━━ ENTRIES SUPPLIED

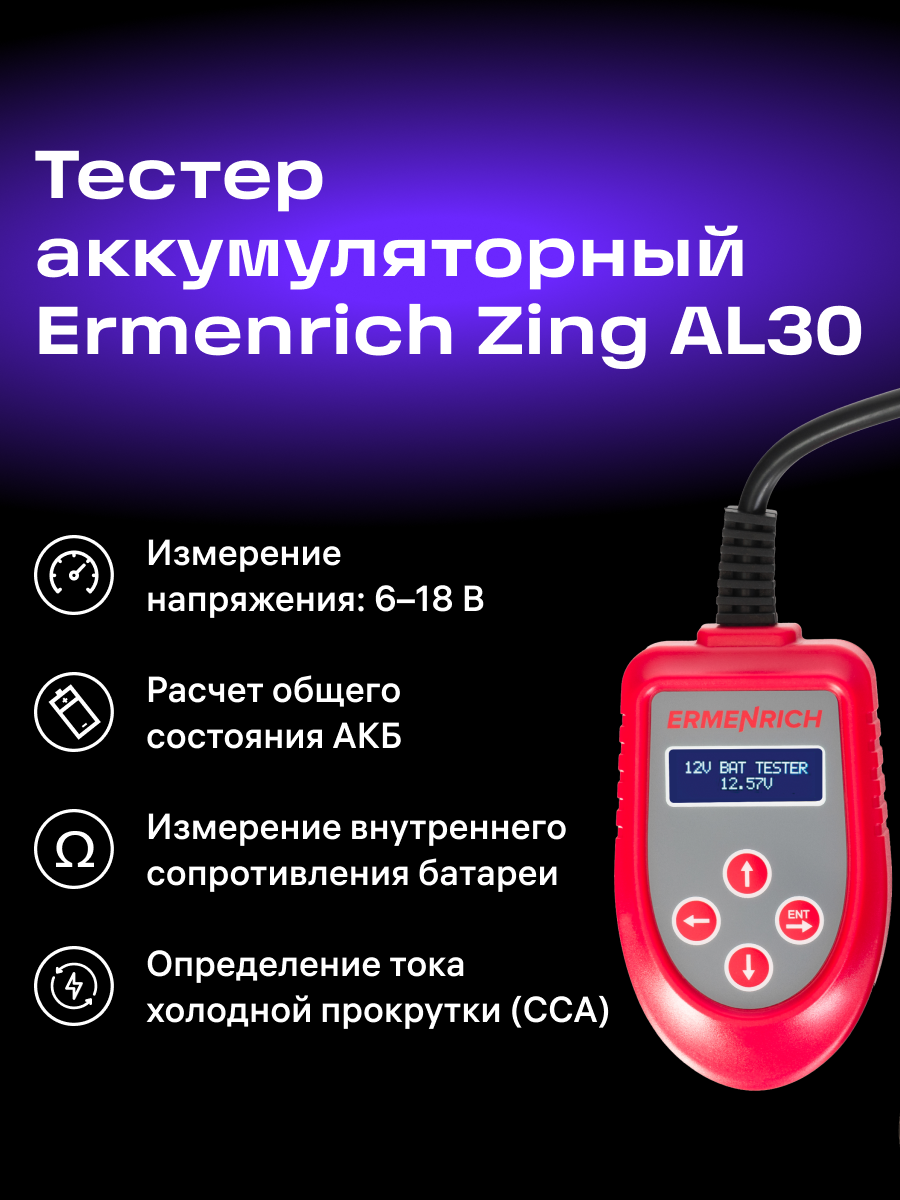 Tester per batterie Ermenrich Zing AL30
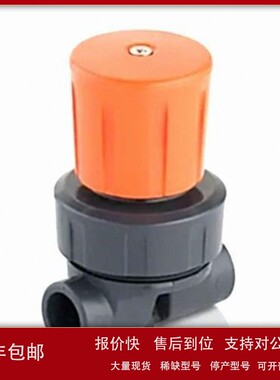 议价意大利 FIP 阀门 SIFLOFL10761PL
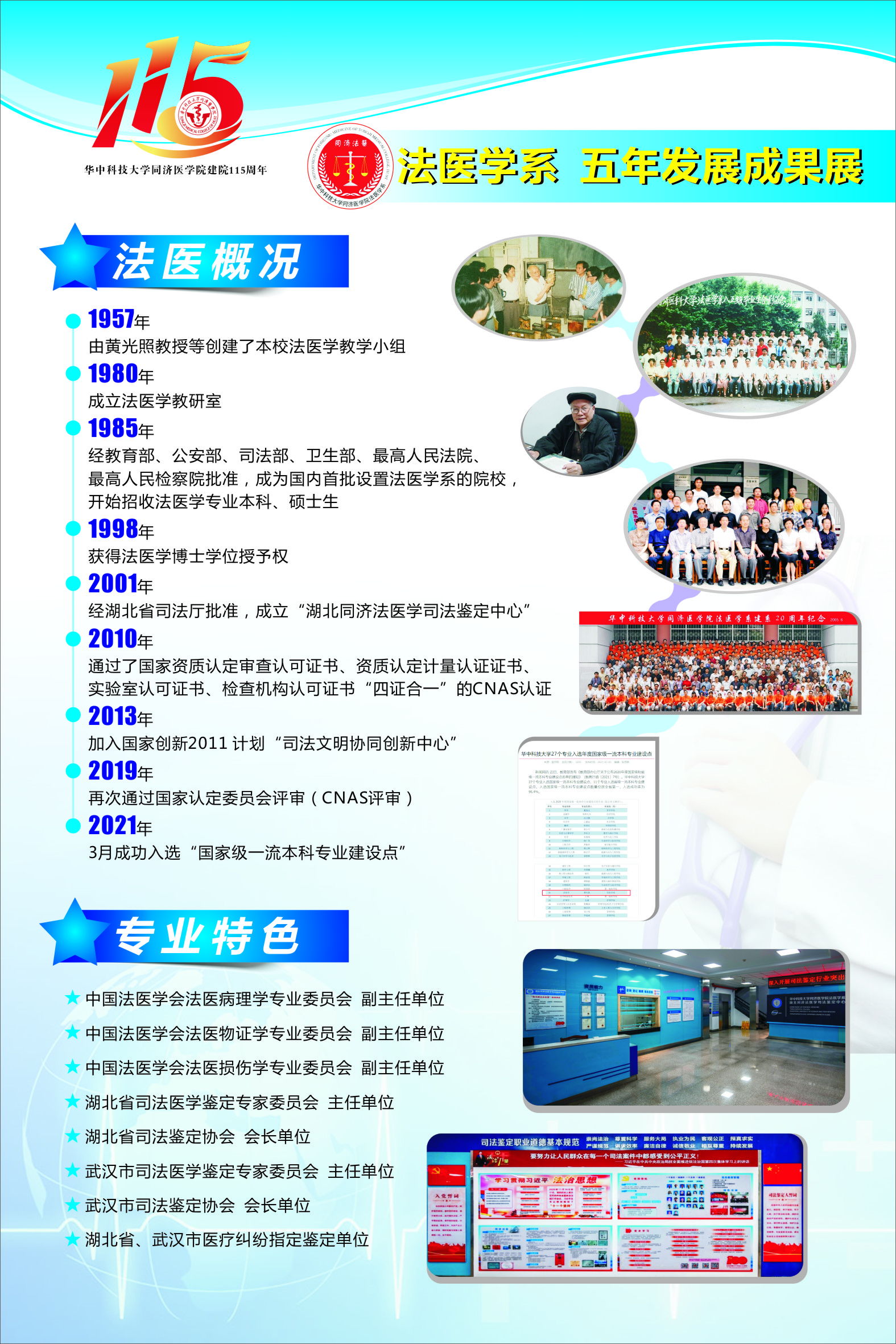 QY球友会体育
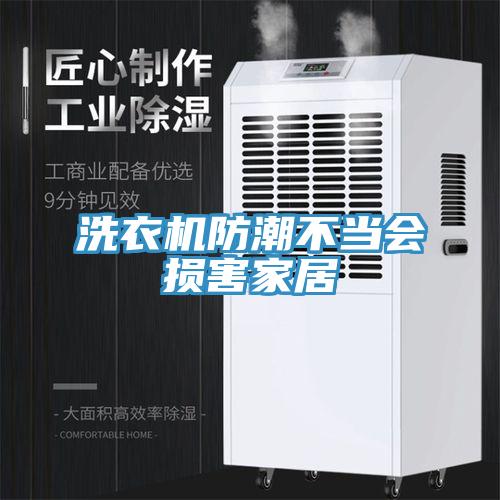 洗衣機防潮不當會(huì )損害家居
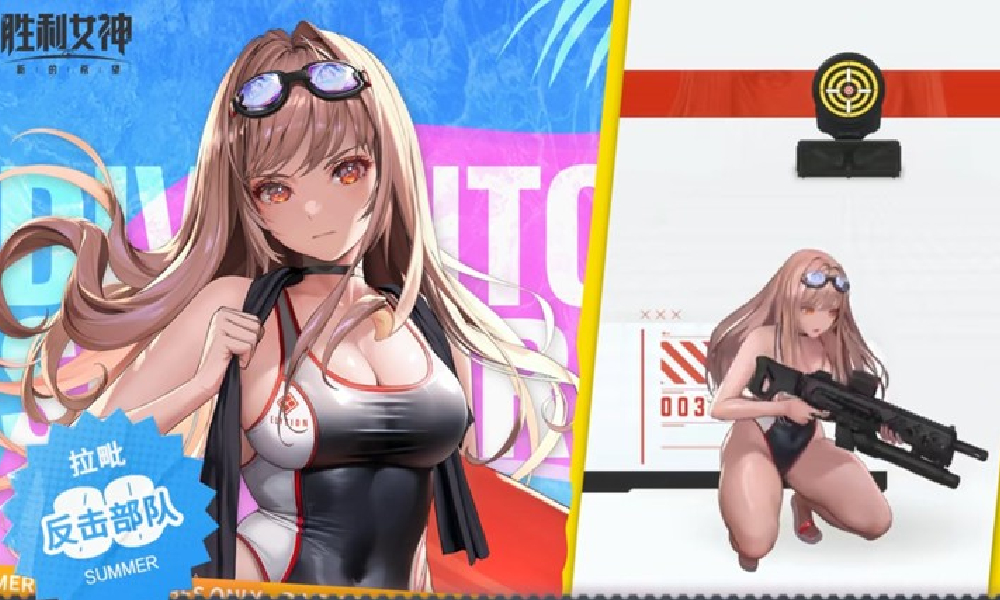 胜利女神拉毗经典假期时装公布 可限时签到免费活动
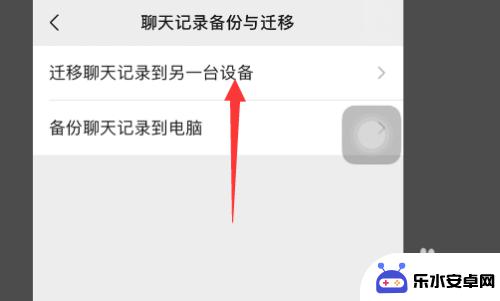 苹果手机微信登另一个手机聊天记录 苹果手机微信聊天记录如何同步到新手机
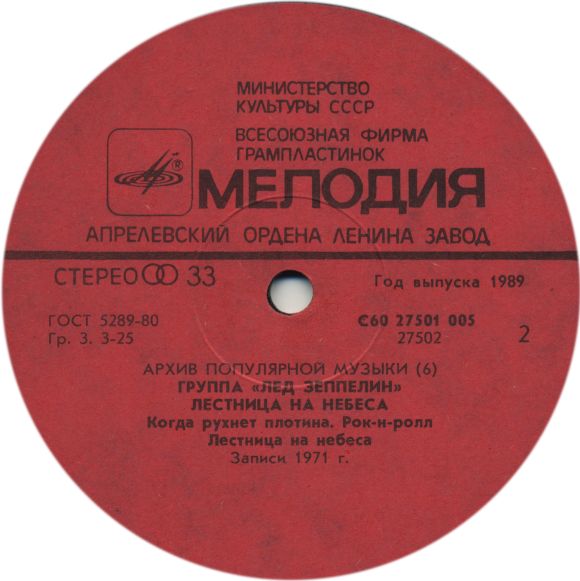 Группа "Лед Зеппелин" - Лестница на небеса (Led Zeppelin ‎– Stairway To Heaven): Архив популярной музыки – 6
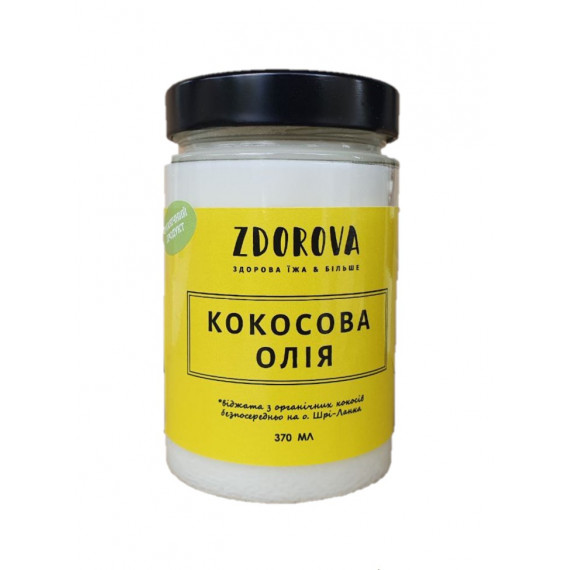 Кокосова олія органічна, 370мл ZDOROVA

━━━━

▶ [EXERCISE DESCRIPTION]: Print the lines from the one holding "популярной музыки – 6" through the last line of the records, word for word, and omit the pictures.

▶ [SOLVED EXERCISE]:
 Группа "Лед Зеппелин" - Лестница на небеса (Led Zeppelin ‎– Stairway To Heaven): Архив популярной музыки – 6
 Кокосова олія органічна, 370мл ZDOROVA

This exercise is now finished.